There are quite a large number of reasons why this would happen, in fact a quick google search will come up with some very good articles, the few which I found useful were:

http://en.doc.centreon.com/Setup:Graphs#Perfdata_activation_in_Nagios

http://en.doc.centreon.com/Troubleshooting:Graphs

http://felipeferreira.net/?p=1019

However, alas none of the points mentioned in the above articles worked to bring back my graphs. During the course of troubleshooting, we noted the following points:

  • Graphs stopped at almost exactly 2am (suspicion immediately fell on some sort of scheduled / cron job, since they normally run between 2 – 4am)
  • The .RRD files in the default path where centreon stores it’s metrics (/var/lib/centreon/metrics) had all stopped being updated at 2am

However, the program that creates those RRD files was still responding properly (/usr/bin/rrdtool).

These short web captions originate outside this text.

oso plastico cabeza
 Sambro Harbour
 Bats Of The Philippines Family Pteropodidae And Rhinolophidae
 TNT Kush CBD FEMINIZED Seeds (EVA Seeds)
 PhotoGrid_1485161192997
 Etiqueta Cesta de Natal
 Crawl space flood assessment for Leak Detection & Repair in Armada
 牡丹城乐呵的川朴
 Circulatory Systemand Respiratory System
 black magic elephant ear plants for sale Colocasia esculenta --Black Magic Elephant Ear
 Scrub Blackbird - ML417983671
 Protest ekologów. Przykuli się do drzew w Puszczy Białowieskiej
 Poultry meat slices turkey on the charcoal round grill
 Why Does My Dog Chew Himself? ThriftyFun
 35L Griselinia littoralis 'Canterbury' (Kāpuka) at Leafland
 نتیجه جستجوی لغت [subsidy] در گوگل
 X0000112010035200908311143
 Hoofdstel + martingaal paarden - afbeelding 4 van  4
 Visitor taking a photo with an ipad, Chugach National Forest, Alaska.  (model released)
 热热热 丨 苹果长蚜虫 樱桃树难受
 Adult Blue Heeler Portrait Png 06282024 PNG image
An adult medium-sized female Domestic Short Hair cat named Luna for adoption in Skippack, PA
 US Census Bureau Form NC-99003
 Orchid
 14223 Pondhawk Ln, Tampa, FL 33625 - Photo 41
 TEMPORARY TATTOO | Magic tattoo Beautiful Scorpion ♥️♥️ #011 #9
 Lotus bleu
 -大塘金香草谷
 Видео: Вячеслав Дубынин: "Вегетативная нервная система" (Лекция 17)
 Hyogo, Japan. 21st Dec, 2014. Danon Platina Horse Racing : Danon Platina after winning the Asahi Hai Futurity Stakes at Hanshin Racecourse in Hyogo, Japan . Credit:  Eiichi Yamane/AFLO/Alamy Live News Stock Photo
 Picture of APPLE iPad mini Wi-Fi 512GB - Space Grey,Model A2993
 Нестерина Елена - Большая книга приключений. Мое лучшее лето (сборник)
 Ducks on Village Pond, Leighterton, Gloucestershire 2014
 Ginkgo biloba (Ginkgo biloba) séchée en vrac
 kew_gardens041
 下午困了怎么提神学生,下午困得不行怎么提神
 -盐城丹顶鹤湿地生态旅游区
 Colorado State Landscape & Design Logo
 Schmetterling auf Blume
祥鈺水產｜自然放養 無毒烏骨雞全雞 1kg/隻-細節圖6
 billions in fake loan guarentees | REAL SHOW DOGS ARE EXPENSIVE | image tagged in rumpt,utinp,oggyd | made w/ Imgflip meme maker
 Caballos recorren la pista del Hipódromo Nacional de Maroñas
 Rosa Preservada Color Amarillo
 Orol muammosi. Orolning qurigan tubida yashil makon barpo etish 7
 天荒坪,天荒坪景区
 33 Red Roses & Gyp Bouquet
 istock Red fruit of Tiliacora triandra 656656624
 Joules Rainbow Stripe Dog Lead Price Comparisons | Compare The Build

For those lacking some background, the centreon procedure for graphing metrics follows this flow (for a full size image please click on the image itself):

 

centreon_graphing

Following the above flow, one thing we noticed in our case was that /usr/local/nagios/var/service-perfdata was quite big (150MB). This was unusual because centstorage usually reads this file about every 5 minutes, and when doing so, empties service-perfdata into service-perfdata_read, so the former file should never be too big.

This was pointing towards a centcore issue. After checking the logs under /usr/local/centreon/log/ we noticed the following entry at exactly the same time that our problem started occurring:

Waiting for centstorage to exit .. done.
17/2/2012 02:00:13 – Begin centstorage.data_bin purge

17/2/2012 02:02:00 – Finishing centstorage.data_bin purge

Starting centstorage Collector : centstorage

Checking out the script that logs the above (centreonPurge.sh), it seems that it created a backup file of the performance data (service-perfdata.bckp). In turn, it seems that the centcore script will not read the service perfdata if the bckp file is present

 

So the solution was to rerun centPurge.sh and delete the file under /usr/local/nagios/var/service-perfdata.bckp. Once this file was deleted, centreon again started processing it’s graph data.